Starz is taking a so-called “poison pill” after media mogul Byron Allen acquired 10.7 percent of the company last week in a surprise deal.
A poison pill, also called a shareholder rights plan, is typically enacted by companies seeking to ward off hostile or unwelcome takeover efforts. The plan adopted by Starz would kick in if any shareholder acquired 17.5% of the company’s shares, and would allow other shareholders to buy shares in the company at a 50% discount, effectively diluting the activist.
The plan is usually to force conversations with the activist to better understand their motivations and intentions.
Allen, through his family office, paid $25 million for the stake in Starz, which was spun off from Lionsgate last year, from the investment firm Liberty 77 owned by former Treasury Secretary Steven Mnuchin.
Mnuchin was a major investor in that company, and joined Lionsgate’s board of directors earlier this year.

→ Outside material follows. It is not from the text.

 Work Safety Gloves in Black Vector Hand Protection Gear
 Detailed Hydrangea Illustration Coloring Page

However, his interest appears to be in the studio, not the pay TV and streaming business that Starz operates in, hence the sale.

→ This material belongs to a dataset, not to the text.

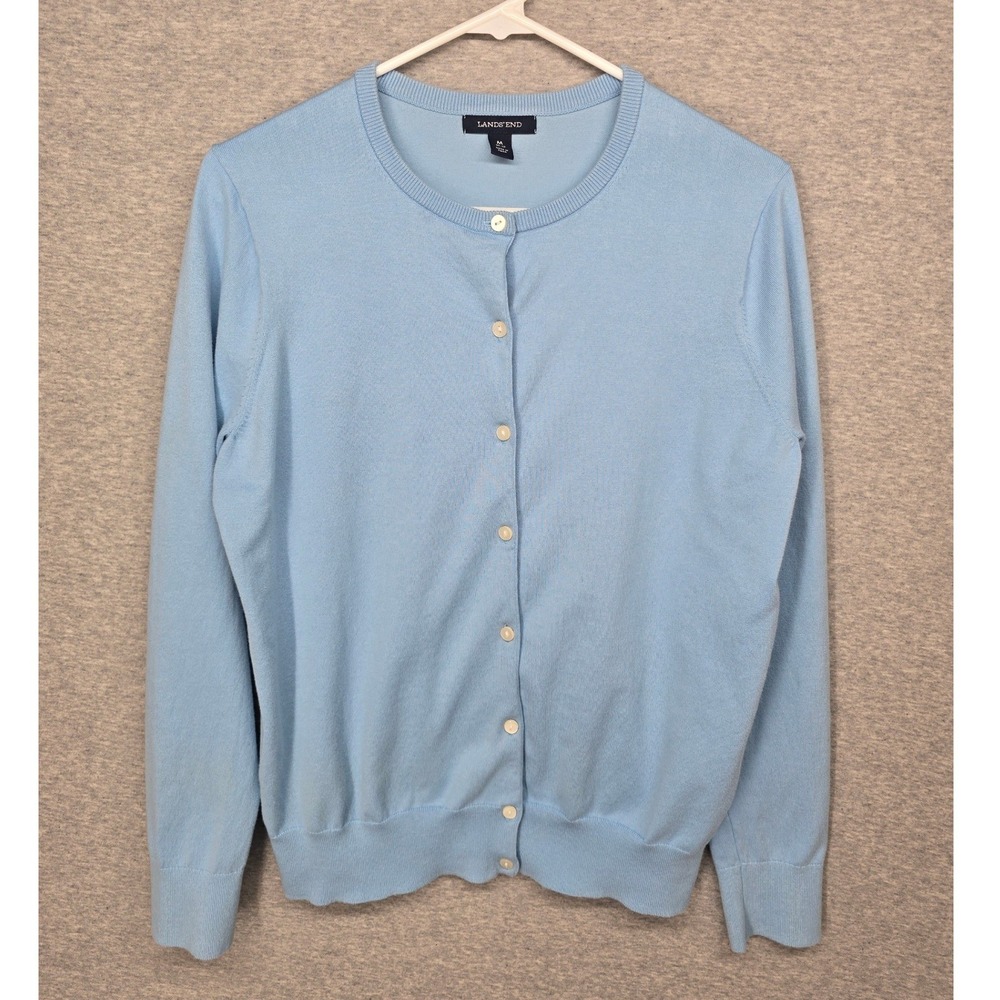 Lands End Womens Light Blue Button Front Crew Neck Cardigan Sweater Size M 10-12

However, Allen is still a big believer in pay TV and streaming, thanks to the Weather Channel and some local TV stations and streaming platforms like HBCU Go. Starz would fit right in with those interests, and his family office has indicated he could be an active player.
“Consistent with these investment purposes, Allen may make contact with, but not limited to, one or more Starz shareholders, Starz management and/or one or more members of Starz’s board of directors and may make suggestions or proposals regarding Starz’s operations, prospects, business and financial strategies, strategic transactions, assets, liabilities, business alternatives, financing, board composition and other matters that Allen may deem relevant to an investment in Starz,” his family office wrote.
However, Starz’s poison pills meant that if he wanted to make a move, he would most likely have to talk to the company’s board of directors first.